Decadenza Berlusconi: è scontro tra Grasso e Forza Italia

Berlusconi e Grasso

 

Il 27 novembre si avvicina e il partito di Silvio Berlusconi non accenna a mollare. La data della votazione (palese) sulla decadenza del Cavaliere deve essere posticipata con ogni mezzo e, per questo, gli esponenti di Forza Italia continuano a pressare sul presidente del Senato perché ritorni sulla sua decisione.

La richiesta di rinviare il voto sulla decadenza dell’ex premier è stata “riabilitata” ieri al Senato dai forzisti, spingendo Pietro Grasso a ribadire quanto già abbondantemente dichiarato. La data del 27 è stata confermata perché nessuna irregolarità – è tornato a evidenziare il presidente del Senato – ha inficiato i lavori che si sono svolti prima nella Giunta per le Immunità e poi durante la riunione dei capigruppo.

Parole che hanno fatto saltare dallo scranno Sandro Bondi“Lei presidente ha letto una lunga pappardella formale per eludere la sostanza di una questione evidentemente politica – ha detto – Lei non ha dimostrato di essere sopra le parti, ma partigiano. Sarà ricordato come uomo di parte – ha rincarato l’ex ministro della Cultura – che ha consentito venisse violata una delle norme più importanti della vita democratica di questo Parlamento”. A Pietro Grasso non è rimasto altro da fare che rifugiarsi in una citazione manzoniana: Ai posteri l’ardua sentenza”, è stata la replica dell’ex magistrato.  

Ma la questione “decadenza” non impensierisce solo Forza Italia. Ieri il fresco “scissionista” Angelino Alfano ha confermato il suo incondizionato sostegno alla “causa” del Cavaliere: “La nostra linea sulla decadenza non cambia di un millimetro”, ha assicurato. Come rimarcato dal neo capogruppo del Nuovo centrodestra al Senato, Maurizio Sacconi: “Continueremo a contestare, per ragioni formali e sostanziali – ha spiegato – l’assurda ipotesi di decadenza da senatore di Silvio Berlusconi”. 

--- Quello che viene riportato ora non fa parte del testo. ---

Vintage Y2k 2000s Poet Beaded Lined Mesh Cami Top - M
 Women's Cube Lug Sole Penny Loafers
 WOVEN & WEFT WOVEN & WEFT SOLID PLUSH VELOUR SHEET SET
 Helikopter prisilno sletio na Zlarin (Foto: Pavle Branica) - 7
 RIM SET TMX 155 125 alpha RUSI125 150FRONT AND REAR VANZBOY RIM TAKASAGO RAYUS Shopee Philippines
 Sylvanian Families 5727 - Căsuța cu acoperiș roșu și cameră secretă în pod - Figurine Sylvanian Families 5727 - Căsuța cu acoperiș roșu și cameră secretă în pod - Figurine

In realtà, nella serata di ieri, il presidente del Senato ha annunciato che lunedì prossimo si terrà una nuova riunione dei capigruppo in cui verranno calendarizzate le sedute della settimana. Al centro delle discussioni ci sarà la legge di Stabilità su cui il governo – con il placet, si dice, del Pd – vorrebbe porre la questione di fiducia per evitare estenuanti discussioni che potrebbero (tra l’altro) causare il rinvio del voto sulla decadenza.

Un punto, questo, particolarmente critico per il nuovo movimento di Angelino Alfano. Se i rumors di ieri venissero confermati, il Ncd si troverebbe, infatti, in una posizione di grande difficoltà, stretto tra le promesse di sostegno fatte sia a Silvio Berlusconi (limitatamente al caso decadenza) che al governo di Enrico Letta.